Stratejik Düşünce Enstitüsü'nce düzenlenen "Demokratikleşme Sürecinde Hukukun Üstünlüğü ve Yargı" konulu konferansa katılan Adalet Bakanı Ergin, yargıyla ilgili tartışmaları değerlendirdi.

Ergin, bağımsız yargı tartışmaları ile ilgili, “Tarafsız olmak yerine, sınırsız bir iktidar sahibi olarak, aktif, şekillendirici ve yönetime hukuk üstü müdahalelerde bulunan bağımsız bir yargı, bağımlı bir yargıdan daha kötü sonuçlar doğurabilir. Bu durum, hakimler devleti riski olarak tanımlanmakta ve demokrasinin önündeki en ciddi tehlikelerden biri olarak değerlendirilmektedir.
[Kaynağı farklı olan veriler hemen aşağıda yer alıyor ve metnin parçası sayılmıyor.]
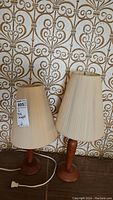 Two mid-century modern teak lamps with pleated cream shades, one slightly taller. One lamp has a bulb, the other does not. Electrical cords visible. Both lamps approximately 19 inches tall.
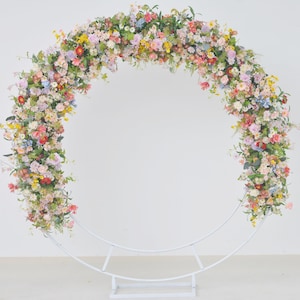 Wildflower Wedding Arrangements in a Pastel Palette with a Splash of Yellow and Light Purple for a Round Arbor.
Jüristokrasi ile ilgili en büyük handikaplardan birisi de, halka hesap vermemesi, siyaseten sorumsuz olmasıdır" dedi.

HSYK'da yapılacak düzenlemeler

Yargı reformu ile ilgili strateji daha geniş olmasına rağmen tartışmaların, Hakimler ve Savcılar Yüksek Kurulu'nda Adalet Bakanı ve müsteşarının bulunup, bulunmayacağına indirgendiğini savunan Bakan Ergin, HSYK hakkında yapılacak düzenleme ile ilgili, “Biz Adalet Bakanlığı olarak, yargı reformu stratejisi ve eylem planı çerçevesinde, HSYK'nın tarafsızlık, objektiflik ve şeffaflık ilkeleri temelinde uluslar arası belgeler ışığında, geniş tabanlı temsil esasına göre, yeniden yapılandırılmasını, kurulun 2 veya 3 daire şeklinde çalışmasını, yargının tümünü temsil edilebilmesi amacıyla yüksek yargı dışında, meslektaşları tarafından seçilen hakim ve savcıların HSYK'da etkin bir biçimde temsil edilmesini, Türkiye adalet akademisinin hukukçu öğretim üyeleriyle, avukatların HSYK'DA temsil edilmesini, HSYK kararlarına karşı etkili bir başvuru yolu getirilmesini, parlamento ile ilişkileri sağlamak ve hesap verebilirlik açısından adalet bakanının, bakanlık ile ilişkileri koordine etmek içinde, bakanlık müsteşarının kurulda bulunmasını, kurulun ayrı bir sekreteryasının bulunmasını, müstakil binasının ve bütçesinin bulunmasını öngörmekteyiz" dedi.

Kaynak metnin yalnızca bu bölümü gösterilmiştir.